I appreciate you taking the time to review Boost.RangeEx.

On Sat, Feb 21, 2009 at 5:58 PM, vicente.botet <vicente.botet_at_[hidden]>wrote:

>
> ----- Original Message -----
> From: "Thorsten Ottosen" <thorsten.ottosen_at_[hidden]>
> To: <boost_at_[hidden]>; <boost-users_at_[hidden]>; <
> boost-announce_at_[hidden]>
> Sent: Friday, February 20, 2009 10:03 AM
> Subject: [boost] Formal Review: Boost.RangeEx
>
>
> >
> > Dear Developers and Users,
> >
> > It's my pleasure to announce that the review of Neil Groves' RangeEx
> > library starts today and lasts until March 3, 2009.
>
> Hi,
>
> Excelent library Neil.
>
> I was wondering if the following SGI algorithms should't be included in the
> library.
>
> count_if
> search_n
> copy_n
> fill_n
> generate_n
> remove_copy
> remove_copy_if
> unique_copy
> reverse_copy
> rotate_copy
> random_shuffle
> random_sample
> random_sample_n
> partial_sort_copy
> is_sorted
> is_heap
>

Many of these are deliberately missing, although I am inviting comments
about this design decision. The rationale for ot including the _n and _if
versions is covered under the adaptor documentation. It is probably
necessary to add an obvious link in the algorithm section. The algorithm
section is where people are going to go to find out about the algorithms I
suppose! Ooops!

count_if can be achieved using boost::count( input | filtered(pred) ) and
similar arrangements work for the other _if algorithms with the exception of
remove_copy_if.

remove_copy_if can be achieved by boost::copy( input | filtered(pred),
output ), or preferably by the safer and quicker extension boost::push_back(
output, input | filtered );
The same applies to all _copy algorithms. The standard library
implementation is more dangerous and less efficient, and requires algorithm
developers to provide numerous additional overloads. This is fundamentally
because the _if and the _copy are in essence orthogonal operations that can
benefit from being factored out. This leaves a more consistent, safer
interface and better performance, while reducing the development overhead of
those providing algorithms that are intended to work with ranges. The
algorithms supplied, I hope, are just the beginning.

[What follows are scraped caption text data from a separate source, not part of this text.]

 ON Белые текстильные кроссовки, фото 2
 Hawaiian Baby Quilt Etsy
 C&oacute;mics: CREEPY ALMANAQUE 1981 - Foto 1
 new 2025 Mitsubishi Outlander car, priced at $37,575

The _n operations are replaced if the input is a model of the
RandomAccessRangeConcept with boost::copy( output, input | sliced(0, n) )
for example, but on reflection this can and must be improved before release.
If I simply add a first_n adaptor then we can replace all _n algorithms with
a superior adaptor for all valid ranges. Hence I propose to add something
that would allow:
boost::copy( output, input | first_n(n) );

I am pleased that you made me justify dropping the _n versions, because
frankly my solution is currently insufficient to be a perfect substition.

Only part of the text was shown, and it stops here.